Only one stretch of the data below should be repeated: the lines from the line containing "05e8570f-86b0-4bdd-ae66-6f9f8df5a5cb.jpg" through the line containing "STAINMASTER Vibrant Blend", inclusive, exactly as they are.

◆ **EXTRACTED ENTRIES**
________________________

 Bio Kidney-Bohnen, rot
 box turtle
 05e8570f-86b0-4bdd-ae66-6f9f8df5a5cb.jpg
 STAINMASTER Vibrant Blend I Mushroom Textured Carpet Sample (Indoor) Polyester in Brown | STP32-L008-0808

________________________

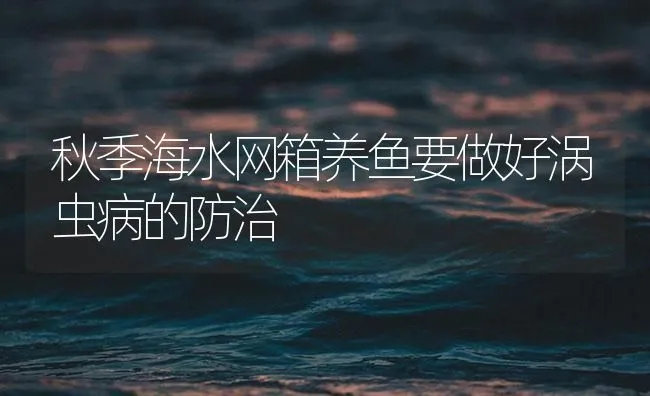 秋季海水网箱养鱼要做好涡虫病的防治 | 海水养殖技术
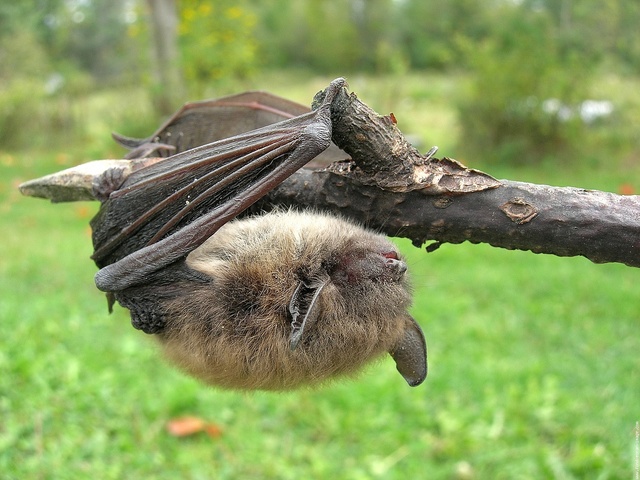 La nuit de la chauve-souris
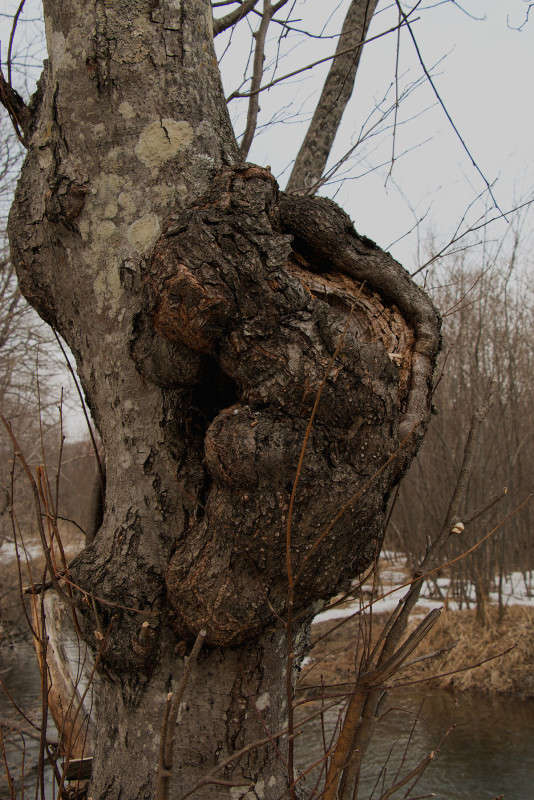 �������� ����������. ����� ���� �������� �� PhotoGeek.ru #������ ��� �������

________________________

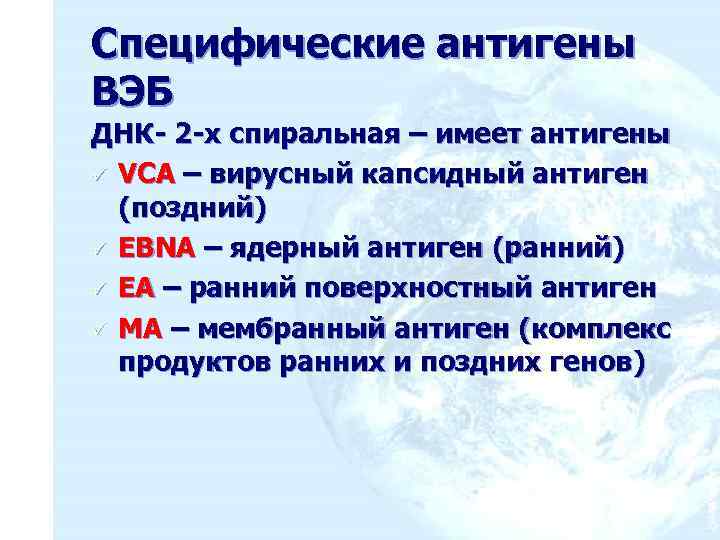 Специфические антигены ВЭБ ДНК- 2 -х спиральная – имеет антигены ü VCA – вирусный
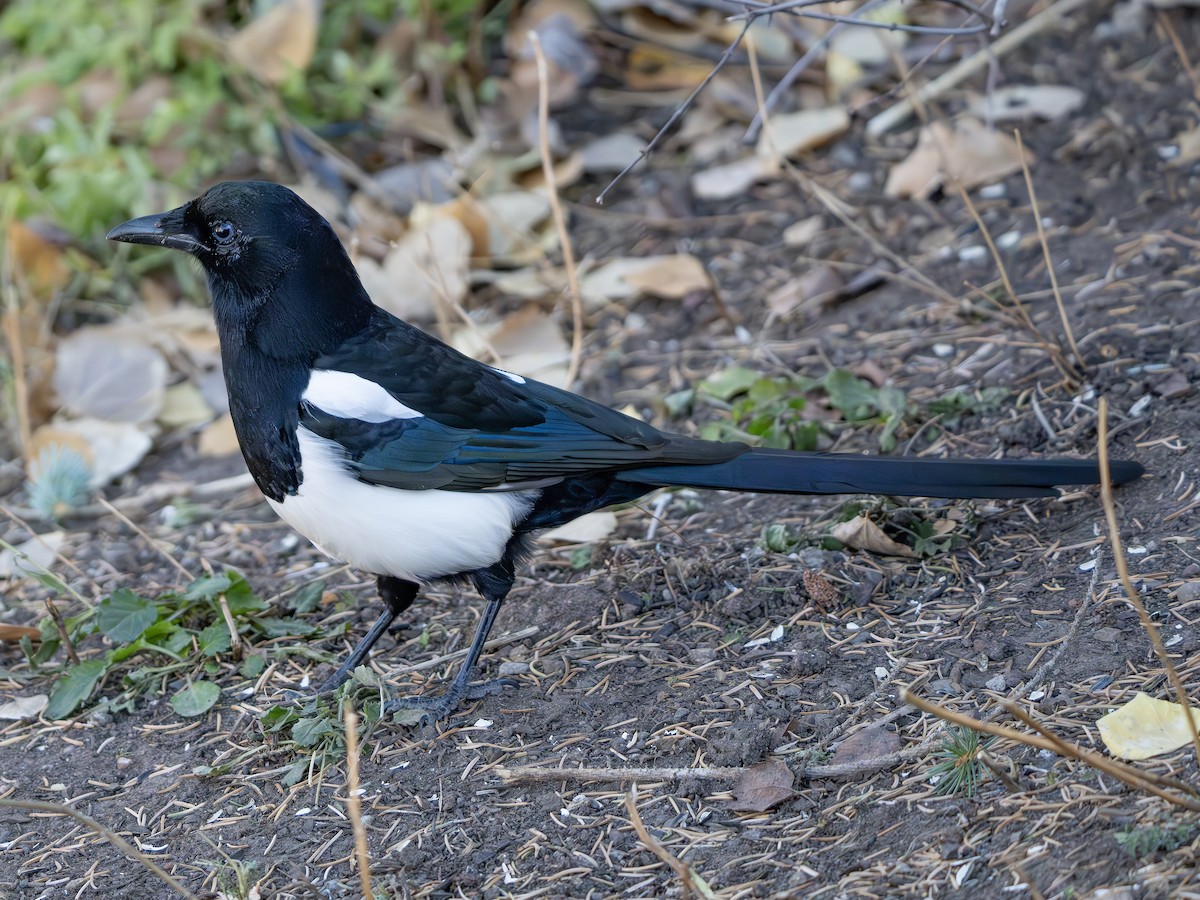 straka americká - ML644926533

________________________

◆ **ANSWER TO THIS TASK**
 05e8570f-86b0-4bdd-ae66-6f9f8df5a5cb.jpg
 STAINMASTER Vibrant Blend I Mushroom Textured Carpet Sample (Indoor) Polyester in Brown | STP32-L008-0808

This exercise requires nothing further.